2.7.15 Speech Services Control (speechsc)

NOTE: This charter is a snapshot of the 62nd IETF Meeting in Minneapolis, MN USA. It may now be out-of-date.

Last Modified: 2005-02-07


David Oran <oran@cisco.com>
Eric Burger <eburger@brooktrout.com>

Transport Area Director(s):

Allison Mankin <mankin@psg.com>
Jon Peterson <jon.peterson@neustar.biz>

Transport Area Advisor:

Jon Peterson <jon.peterson@neustar.biz>

Mailing Lists:

General Discussion: speechsc@ietf.org
To Subscribe: speechsc-request@ietf.org
In Body: subscribe
Archive: http://www.ietf.org/mail-archive/web/speechsc/index.html

Description of Working Group:

Many multimedia applications can benefit from having Automated Speech
Recognition (ASR), Text to Speech (TTS), and Speaker Verification (SV)
processing available as a distributed, network resource. To date,
are a number of proprietary ASR, TTS, and SV API's, as well as two
drafts, that address this problem. However, there are serious
deficiencies to the existing drafts relating to this problem. In
particular, they mix the semantics of existing protocols yet are close
enough to other protocols as to be confusing to the implementer.

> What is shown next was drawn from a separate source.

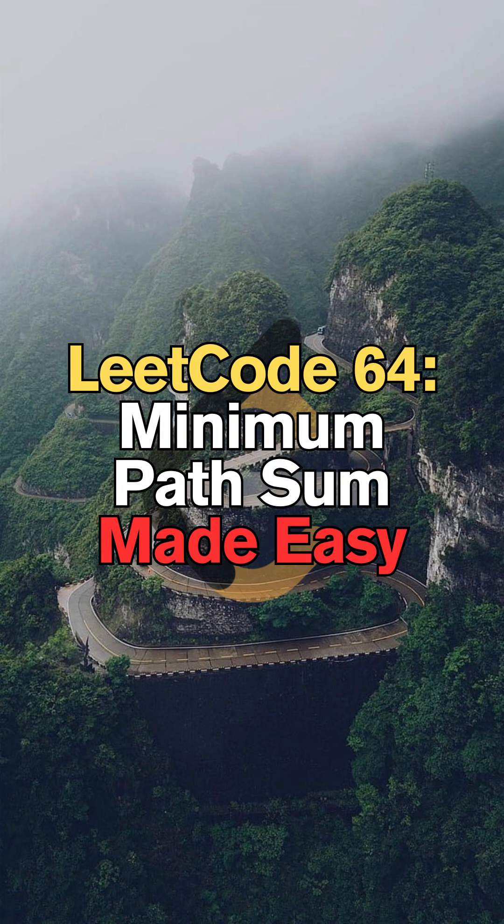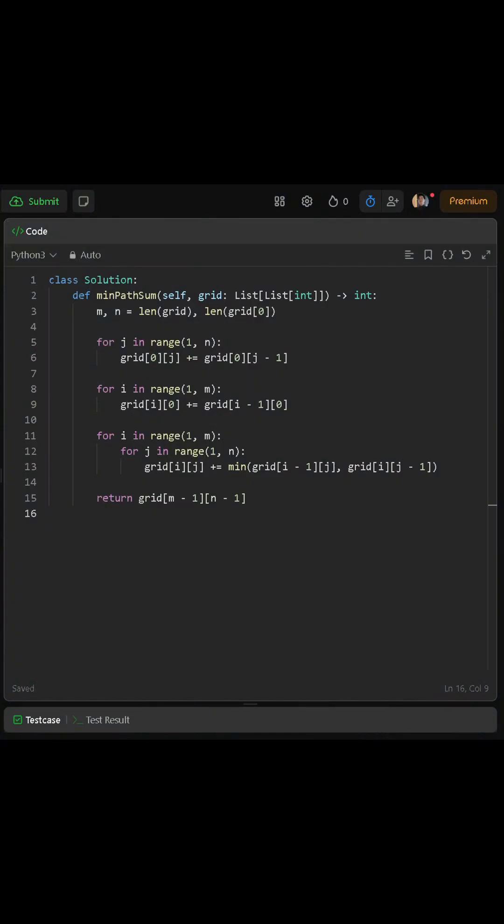Today we'll be solving LeetCode 64, minimum path sum. We begin by finding the size of the grid.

The speechsc Work Group will develop protocols to support distributed
media processing of audio streams. The focus of this working group is
to develop protocols to support ASR, TTS, and SV. The working group
will only focus on the secure distributed control of these servers.

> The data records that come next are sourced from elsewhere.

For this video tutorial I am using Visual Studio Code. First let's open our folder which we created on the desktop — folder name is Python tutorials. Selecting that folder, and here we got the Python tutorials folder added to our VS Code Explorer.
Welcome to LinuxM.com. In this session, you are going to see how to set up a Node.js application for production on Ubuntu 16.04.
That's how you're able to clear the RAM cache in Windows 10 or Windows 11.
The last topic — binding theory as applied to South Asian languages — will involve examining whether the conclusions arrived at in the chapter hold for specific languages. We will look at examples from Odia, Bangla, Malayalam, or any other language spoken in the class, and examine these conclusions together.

The working group will develop an informational RFC detailing the
architecture and requirements for distributed speechsc control. In
addition, the requirements document will describe the use cases
these requirements. The working group will then examine existing
media-related protocols, especially RTSP, for suitability as a
for carriage of speechsc server control. The working group will then
propose extensions to existing protocols or the development of new
protocols, as appropriate, to meet the requirements specified in the
informational RFC.

The protocol will assume RTP carriage of media. Assuming
session-oriented media transport, the protocol will use SDP to
the session.

The working group will not be investigating distributed speech
recognition (DSR), as exemplified by the ETSI Aurora project. The
working group will not be recreating functionality available in other
protocols, such as SIP or SDP. The working group will offer changes to
existing protocols, with the possible exception of RTSP, to the
appropriate IETF work group for consideration. This working group will
explore modifications to RTSP, if required.

It is expected that we will coordinate our work in the IETF with the
W3C Mutlimodal Interaction Work Group; the ITU-T Study Group 16
Party 3/16 on SG 16 Question 15/16; the 3GPP TSG SA WG1; and the ETSI
Aurora STQ.

Once the current set of milestones is completed, the speechsc charter
may be expanded, with IESG approval, to cover additional uses of the
technology, such as the orchestration of multiple ASR/TTS/SV servers,
the accommodation of additional types of servers such as simultaneous
translation servers, etc.

Goals and Milestones:

Done  Requirements ID submitted to IESG for publication (informational)
Done  Submit Internet Draft(s) Analyzing Existing Protocols (informational)
Done  Submit Internet Draft Describing New Protocol (if required) (standards track)
Oct 03  Submit Drafts to IESG for publication
Sep 04  Work Group Last Call MRCPv2 specification
Oct 04  Submit MRCPv2 specification to IESG


  • draft-ietf-speechsc-reqts-05.txt
  • draft-ietf-speechsc-mrcpv2-06.txt

    No Request For Comments

    Current Meeting Report


    - Intro and agenda bashing
    - Push to last call for MRCPv2 (draft-ietf-speechsc-mrcpv2-06.txt)
    - Discussion of security issues on requirements (draft-ietf-speechsc-reqts-06.txt)
    - Wrap-up

    MRCPv2 (Sarvi Shanmugham)

    - At version 06; includes
    - Edits from last meeting
    - IANA considerations section
    - Security considerations section
    - Clarifications and comments discussed on alias through 2/21/05
    - Baggia Paolo: Comments, Part 1
    - Jeff Kusnitz: Grammar weights issue
    - Klaus Reifenrath: NLSML issues (partial)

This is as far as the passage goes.